I feel my own heart begin to race as I search for life in this child, it’s a cross between taunting me with the strength of its pounding and my own desperation to give this mother another answer than what is now the truth. I begin to feel frantic and panicky, as though there is some cosmic move I can make to bring this child back from the other side, if I only knew it, if only. The women somberly look over me, patiently waiting to see if my white skin does indeed have the special powers of which they’ve only heard.

It’s like not knowing the answers on exam day, or every bad dream I’ve ever had where I cannot control the course of events in any way, like the other night when I woke up crying. I look around in a state of anxiety and insecurity, I want someone else to take this burden, I don’t know what to do, and I’m not the doctor. I want to scream it; I want to run away, I want to know how to handle this situation.

There is no way. I’m the only one who hasn’t accepted the inevitability of the situation. Life and death come every day to Seronga, and everyone seems to know the score but me.

Just when I think that my heart is finished, that it has shriveled and hardened into a little palm nut, covered in a hard, protective shell, it is broken again. A tender piece of flesh exposed, to the wind, to the world, to the hurt and it bleeds anew. A little river of pain flows through and I know I can still feel, and this feeling is sadness. And it is sprinkled with despair, and laced with hopelessness, and I can taste the pain, it springs bitter onto the tip of my tongue and it mixes with the bile of the rage which has risen in my throat, the indignation and confusion that although this matters, it doesn’t seem to matter.

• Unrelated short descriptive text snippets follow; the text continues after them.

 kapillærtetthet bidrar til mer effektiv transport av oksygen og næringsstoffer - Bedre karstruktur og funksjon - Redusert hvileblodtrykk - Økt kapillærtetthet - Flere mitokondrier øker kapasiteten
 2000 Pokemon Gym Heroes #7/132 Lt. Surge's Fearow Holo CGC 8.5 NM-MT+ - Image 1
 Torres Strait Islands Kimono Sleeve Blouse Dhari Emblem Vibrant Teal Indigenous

I want to scream primally, I want to howl, I want to shake my fist at the heavens and demand that this child’s spirit and her life be returned to its rightful place here on Earth. But how can I do any of these things when the child’s own mother sits stoically next to the woman who holds her now lifeless child, the body of which sprung from her own body less than 12 hours previous. The tears stream silently down my own face, defying the dehydration that is my normal state of being to protest this awful situation.

What do you do? There’s nothing. I don’t mean to sound like a “save the children” ad here, and to be honest it frustrates me to describe the problem in any depth as I know from living here that there is certainly not an easy, and possibly not even a difficult implimentable solution to this problem, which surely will not be solved any time soon.

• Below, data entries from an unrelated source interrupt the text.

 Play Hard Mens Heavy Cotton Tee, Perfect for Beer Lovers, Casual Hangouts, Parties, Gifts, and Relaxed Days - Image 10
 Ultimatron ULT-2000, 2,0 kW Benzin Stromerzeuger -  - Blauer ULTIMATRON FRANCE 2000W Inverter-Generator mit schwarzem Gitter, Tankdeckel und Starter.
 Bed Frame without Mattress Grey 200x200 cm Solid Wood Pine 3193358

Why should I even write about it, to make all of you reading this have an idea of the shittiness if there’s nothing to be done about it? I guess I do it to get rid of some of the rage and sadness that lives inside me as a result of this experience. Parts of me are becoming hardened to this constant human suffering, but am I so different from people who work anywhere else doing this type of work? What about nurses and doctors in Emergency Rooms anywhere on Earth, or homicide detectives, or even teachers in some areas?

What obligation can I possibly have to each of these children? What can I do? I swear I would move mountains if I thought it would help…

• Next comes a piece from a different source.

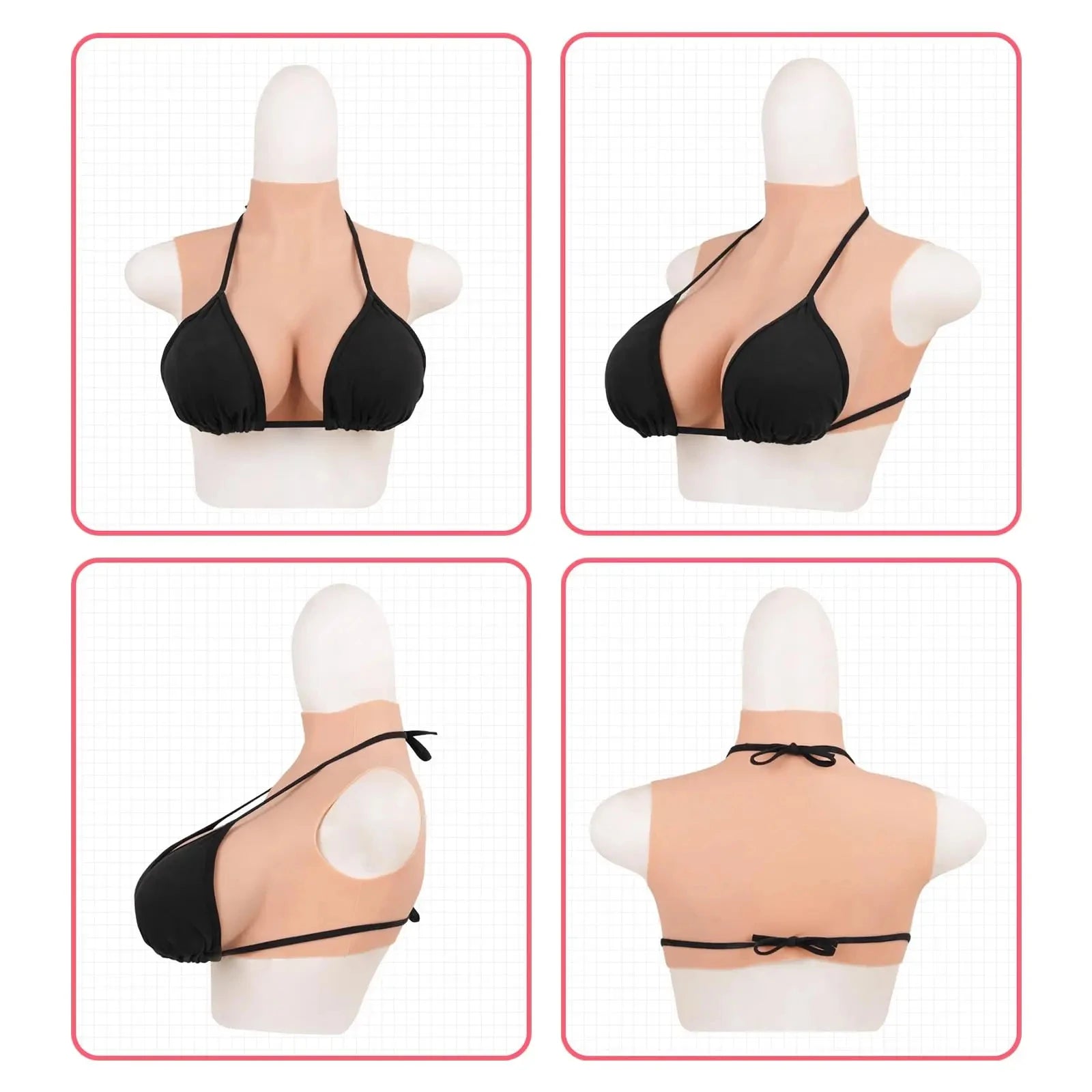 Wearable Silicone Breast Forms | Halter Strap | C–G Cup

I have no answers. This upsets me. I go on with life, not able to forget, but slightly becoming numb to the pain.

This day comes, as all do, to an end. Later, in the darkness of night I hear the rain begin to fall on the corrugated iron roof. I run outside, desperate to feel the rain on my skin, to cleanse me of this day. I look to the sky for answers and find my hot tears mixing with the cold rain. I yearn to have the lightning illuminate the world, and make it clear again, if only for a moment.